Dive Brief:
- U.S. rail carloads increased 3.3% year over year in April to 1,051,026, while combined carloads and intermodal originations jumped 5.1% to 2,150,026 over the same time period, according to the Association of American Railroads (AAR).
- Containers and trailers were up 6.8% year over year at 1,099,000 in April, and 15 of the 20 commodities tracked by AAR "saw carload gains compared with April 2017."
- The increase in rail traffic is a sign of a strengthening economy, the AAR stated, and correlates with other growing freight markets — specifically trucking.
Dive Insight:
As the trucking capacity crunch continues to tighten and rates rise, rail is getting a boost from shippers looking for ways to maximize their shipping options and routes without paying higher rates — a trend made increasingly clear by stronger intermodal gains.

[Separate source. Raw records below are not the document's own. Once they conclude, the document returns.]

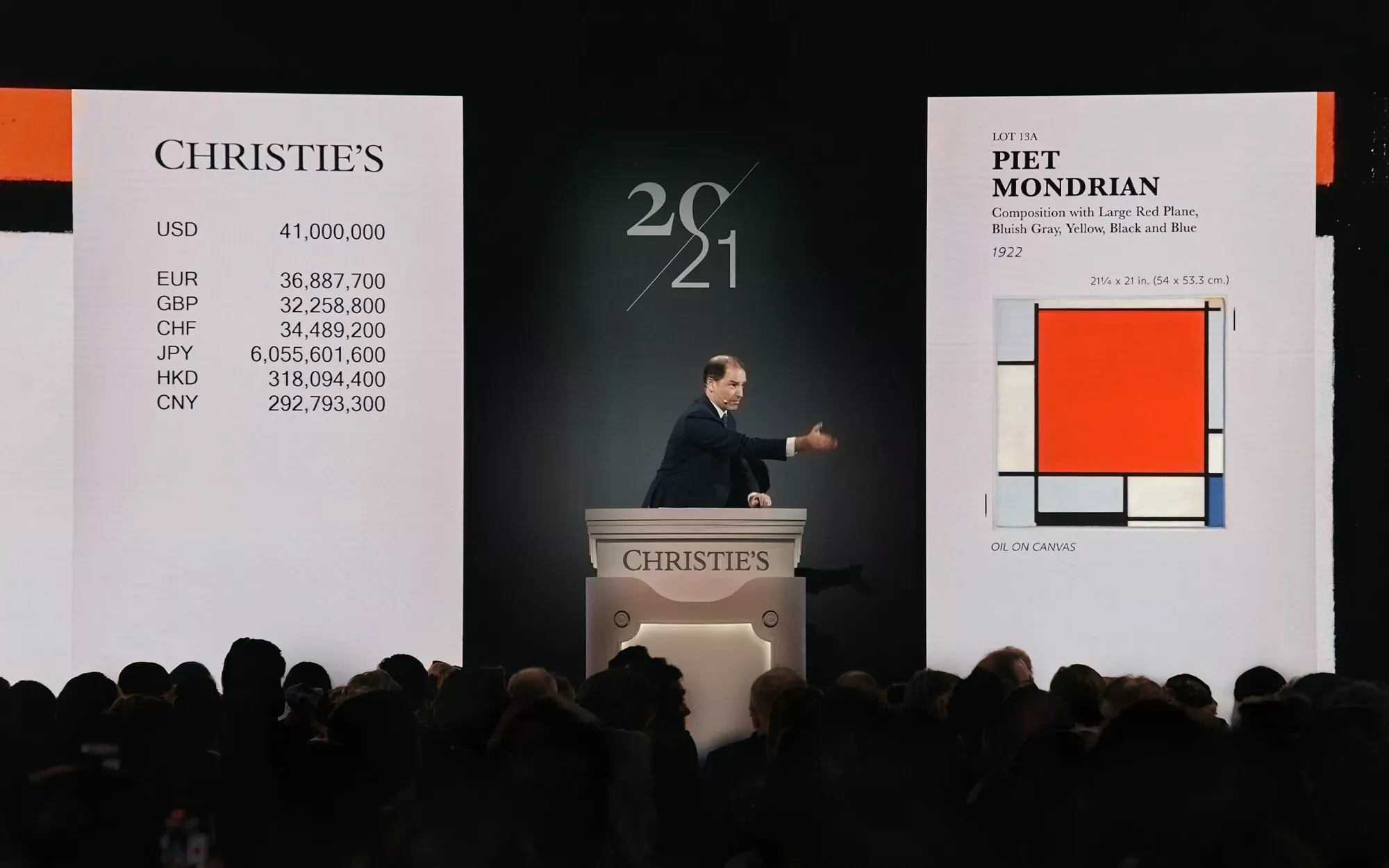 Piet Mondrian's Composition with Large Red Plane, Bluish Grey, Yellow, Black and Blue sells for $47.6 M from the Leonard & Louise Riggio Collection
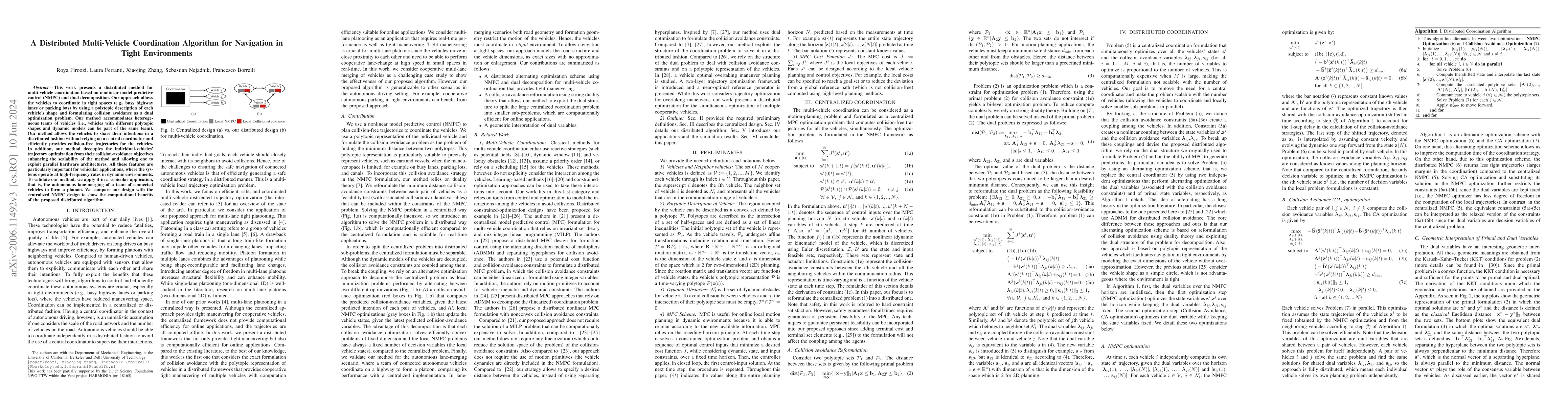Thumbnail for A Distributed Multi-Vehicle Coordination Algorithm for Navigation in
  Tight Environments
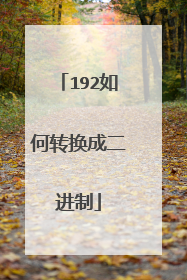 192如何转换成二进制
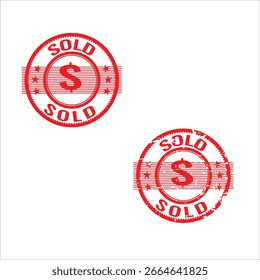 Conjunto de sello vendido. Incluye un sello de oficina de goma grunge y una versión limpia y sólida. Perfecto para negocios, documentos y proyectos creativos. Archivo EPS de Vector.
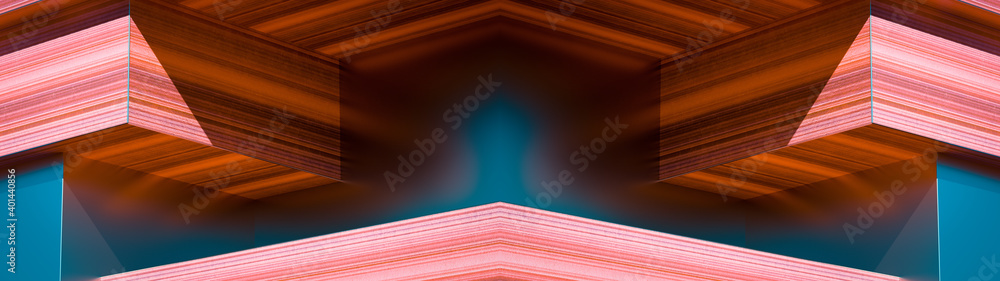 Poster geometric shapes, big angular architectural figures colorful cubes, blocks structure, 3d rendering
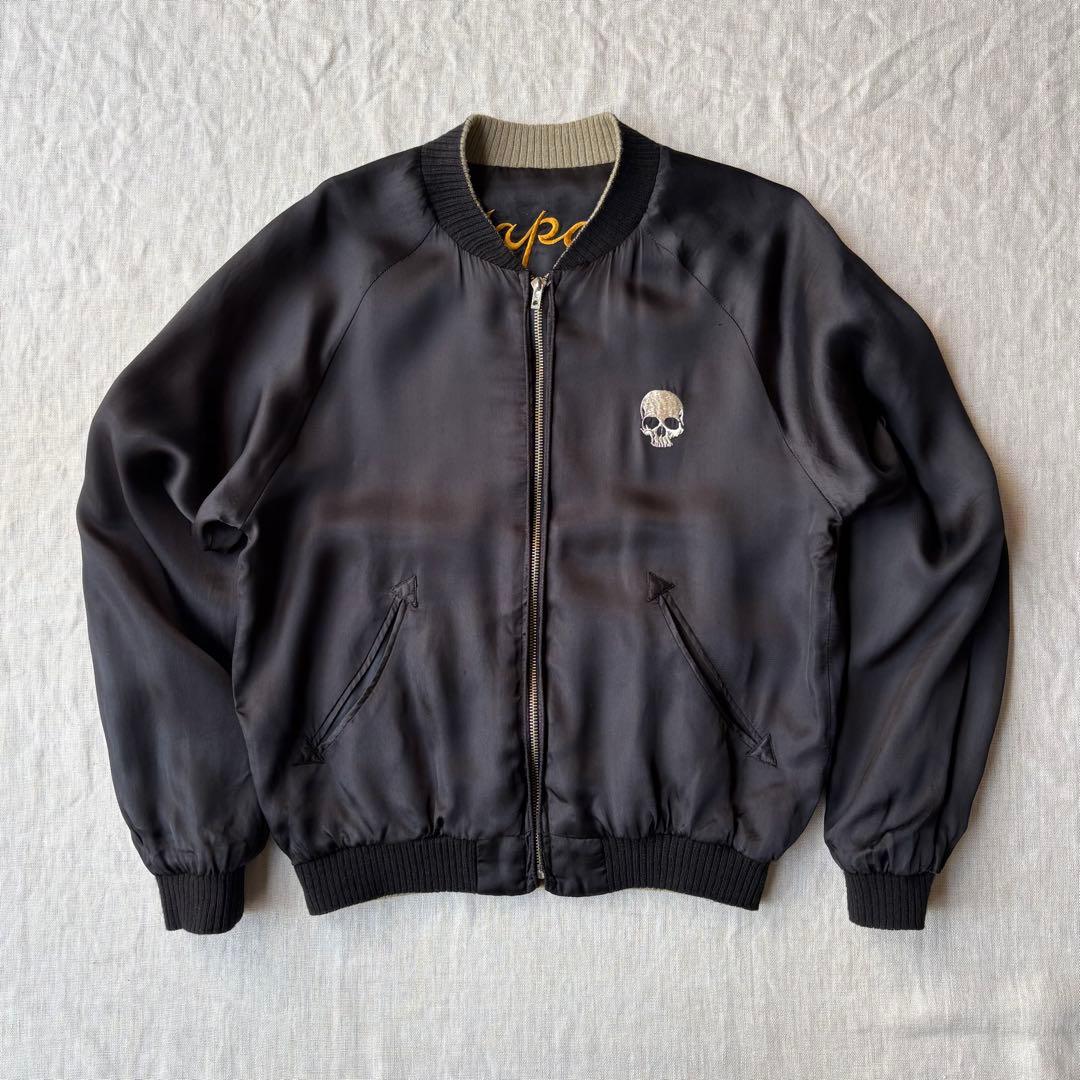SKULL WORKS スカル 骸骨 龍 刺繍 スカジャン ブラック レーヨン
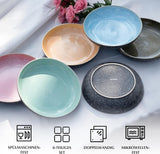 MIAMIO - Middagstallerkener, sæt med 6 (850 ml) / store og dybe pastatallerkener, tallerkensæt til 6, keramisk salatskål / Tåler opvaskemaskine og mikroovn - Las Palmitas Collection
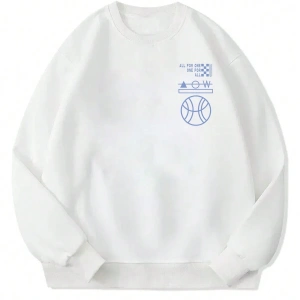 Geo & Letter Graphic Pullover Beyaz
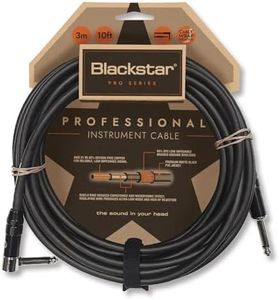 Blackstar Pro Series 3 m (10 ft) instrument cable ¼” straight connector to ¼” angled connector for bass/electric guitar/electroacoustic/keyboard/amplifier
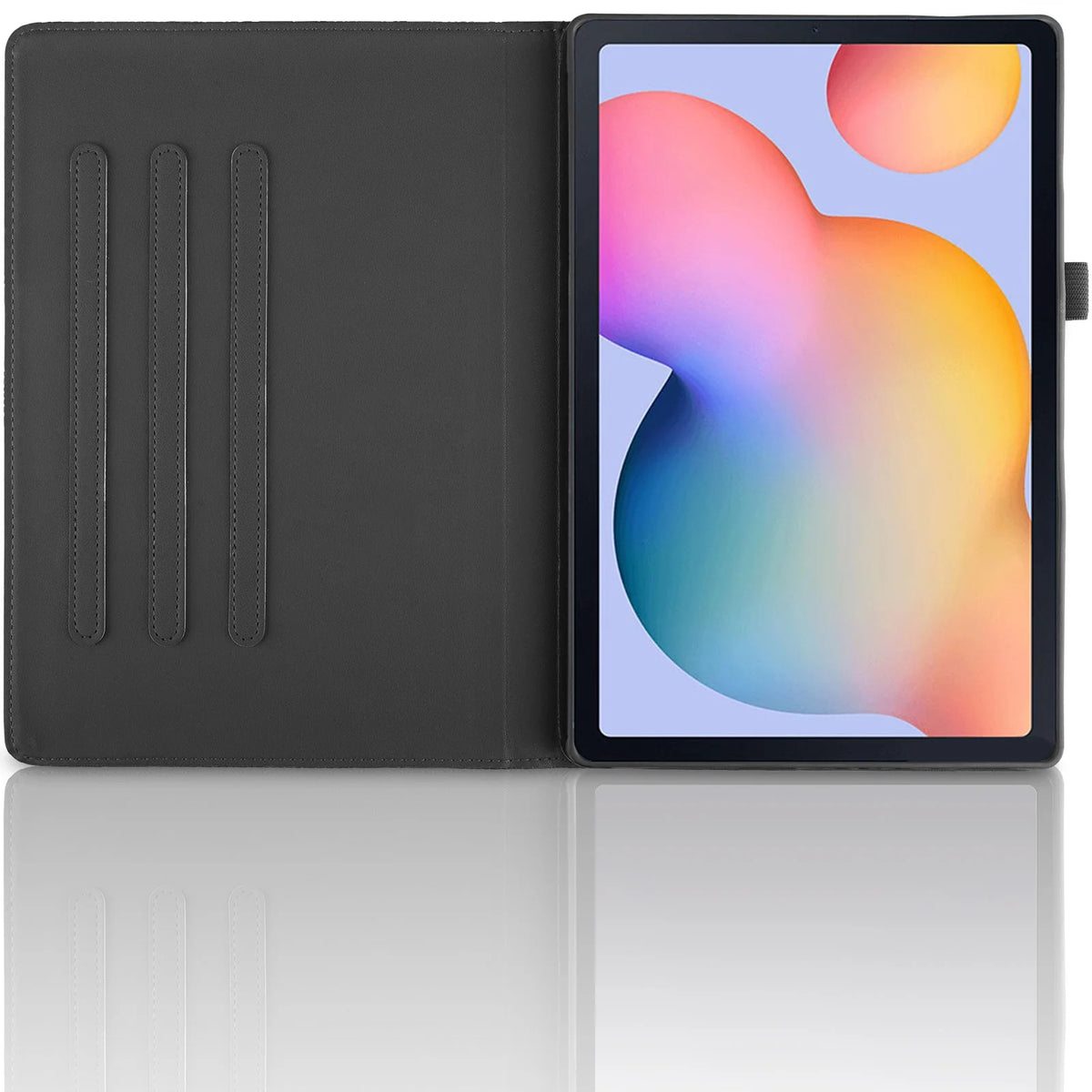 Black PU Leather Folio Flip Case with Kickstand for Samsung Galaxy Tab S6 Lite 10.4" E848253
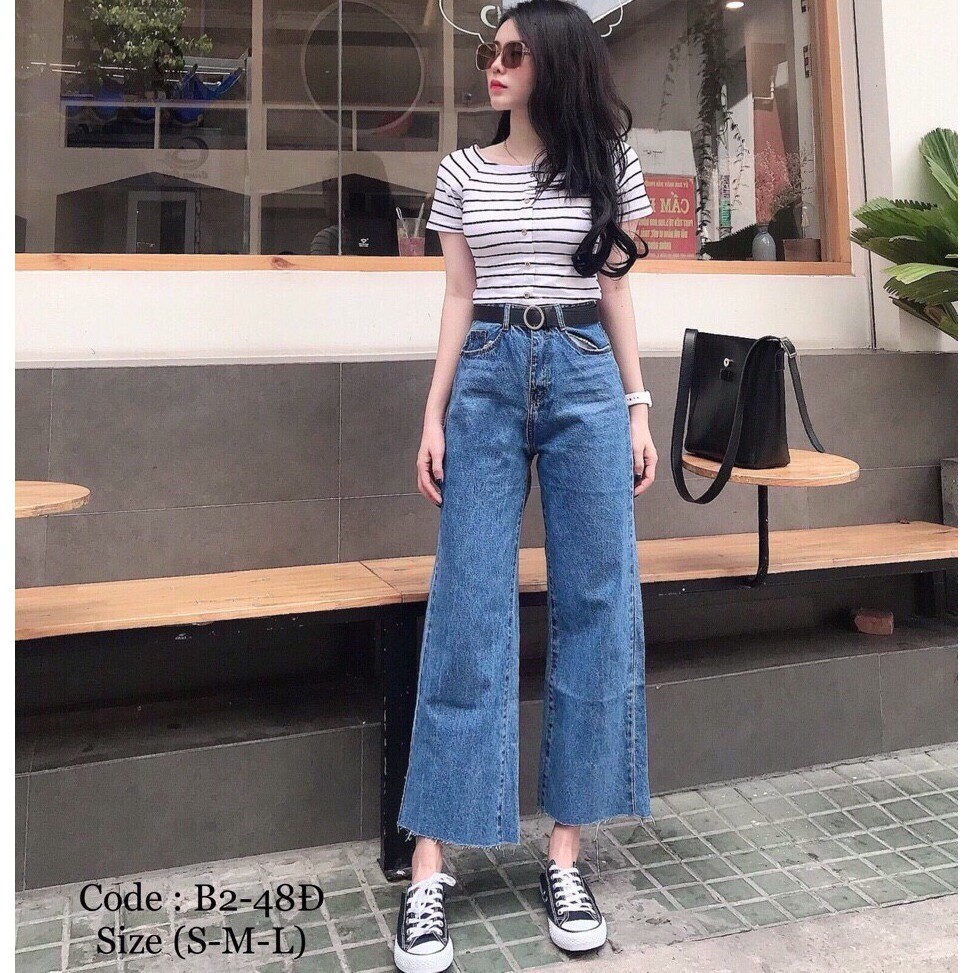 Quần jean nữ baggy King168, quần nữ co dãn nhẹ mẫu TQQ16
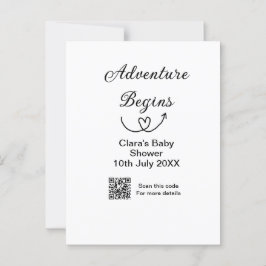 冒険がベビーシャワースキャンQRコードハートsiを開始 ポストカード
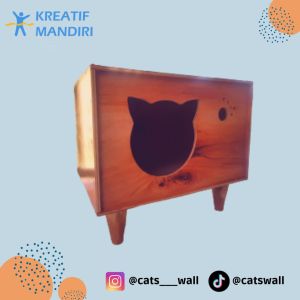 Cat Box Ruang Tamu Uk. L - Tipe Kepala Kucing Vernis Clear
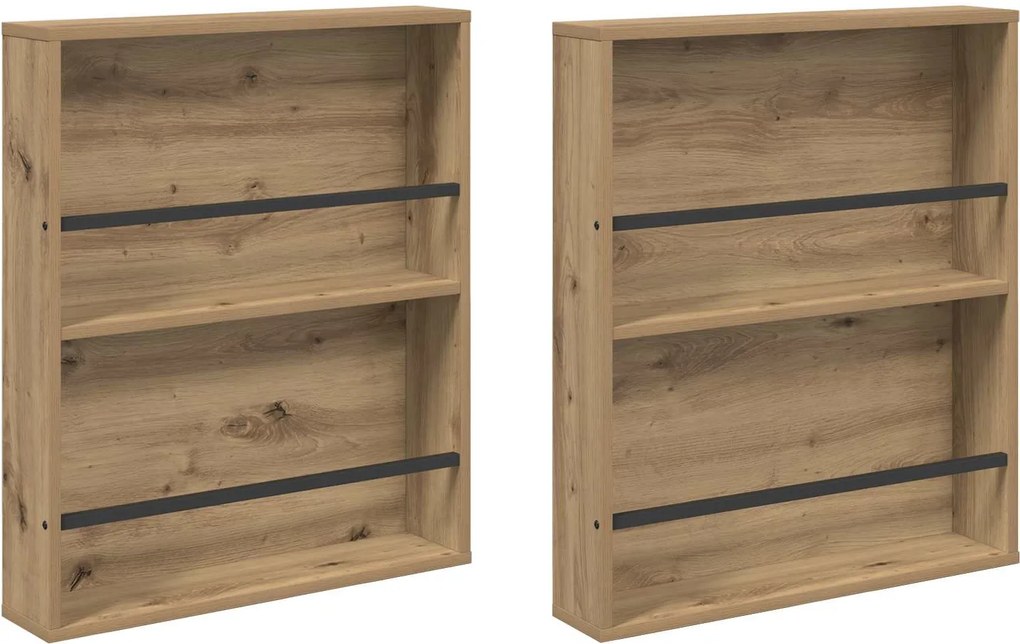 vidaXL Magazin állvány 2 pcs Artisan tölgy 60 x 12 x 70 cm Faanyag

"Total U.S. rail traffic so far this year is a shade below where it was in 2015, but otherwise is higher than it’s been in the last ten years," AAR Senior Vice President of Policy and Economics John T. Gray said in a press release.
As the rail freight market accelerates, rail rates could follow trucking's lead and start rising as well. However, rail traffic has lagged trucking traffic, and the rail industry isn't dealing with a similar capacity crunch.
Both market forces and government policy could spur railroads to ramp up digitization and implement new technology. As railroads enjoy higher traffic volumes, they may start to innovate more to keep up with the rising demand, something they've been historically slow to accomplish.
Norfolk Southern, for example, recently started using predictive analytics to streamline operations and maximize efficiency. The House of Representatives, meanwhile, recently passed the Federal Railroad Administration Safety Data Improvement Act to require railroads to standardize and share data on how they handle railway accidents.
Should it become law — is that railroads will not only need to come up with appropriate measures for collecting safety data. Some may turn to popular freight technologies like cloud-based data analytics services and artificial intelligence (AI).
That law along with the increase in rail traffic could bring a new tech revolution to the rail industry before long.